The El Paso Court of Appeals has affirmed a trial court’s denial of a trucking company’s motion to compel arbitration in an employment dispute with one of its drivers.
Arrow Freight Management, Inc. v. Ruben Contreras (No. 08-23-00082-CV; January 18, 2024) stemmed from a personal injury lawsuit brought by Contreras, a truck driver for Arrow, against his employer. Contreras alleges that when working in the course and scope of his employment on the premises of a third party, he slipped and fell on some ice and sustained injuries. He further alleged that Arrow negligently sent him to work without the proper training and equipment for the conditions of the premises on which he was injured. Arrow moved to compel arbitration, citing an employment agreement Contreras signed that contained an arbitration provision. Contreras responded that the FAA did not apply to this dispute because a statutory exception applied in this case. The trial court agreed and denied the motion to compel. Arrow appealed.

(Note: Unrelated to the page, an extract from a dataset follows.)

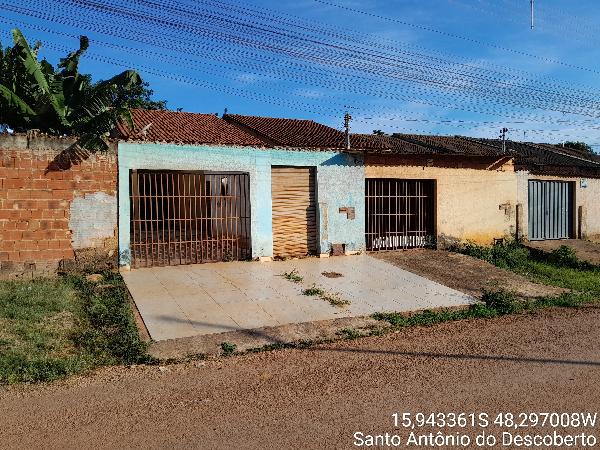 Vende-se em Santo Antonio Do Descoberto-GO  Casa, 69.87 de área total, 69.87 de área privativa, 180.00 de área do terreno,  2_qto(s), varanda, a.serv, WC, 1_sala(s), cozinha.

The court of appeals affirmed. The issue before the court was whether the FAA exemption from mandatory arbitration for “contracts of employment of seamen, railroad employees, or any other class of workers engaged in foreign or interstate commerce” covered Contreras, whom the company hired as a truck driver. Arrow argued that the arbitration agreement was not a “contract of employment” because the agreement stated as such and Contreras was an at-will employee. Pointing out that a transportation company could evade the FAA exemption simply by inserting a sentence into an arbitration provision disclaiming a contract of employment, the court rejected this argument, holding that the exemption applied to at-will employees (citations omitted). Moreover, the court held, Contreras had to choose between accepting the arbitration agreement (by working more than three days) or losing his job. The agreement thus constituted a condition of employment and, as such, a “contract of employment” under the FAA (citations omitted).
The next question was whether Contreras was a “transportation worker.” The court laid out the eight-part test established in Lenz v. Yellow Transp., Inc., 431 F.3d 348, 352 (8th Cir. 2005) but determined that it was not necessary to apply it because Contreras was a driver, not a non-driver employee (noting that the test has been applied to bring under the exemption a mechanic, an orientation instructor, and a customer-service representative). The question then became whether Contreras was engaged in interstate commerce. Arrow argued that because Contreras rarely drove outside the state, instead driving Texas routes, he was not so engaged. The court disagreed, noting that the question was whether Contreras was part of a “class” of worker engaged in interstate commerce, not whether the exemption applied to an individual driver. In other words, whether Contreras ever crossed state lines was irrelevant to the inquiry (citations omitted). Since Arrow, Contreras’s employer, was engaged in interstate commerce in 24 states, its drivers as a class satisfied the FAA exemption.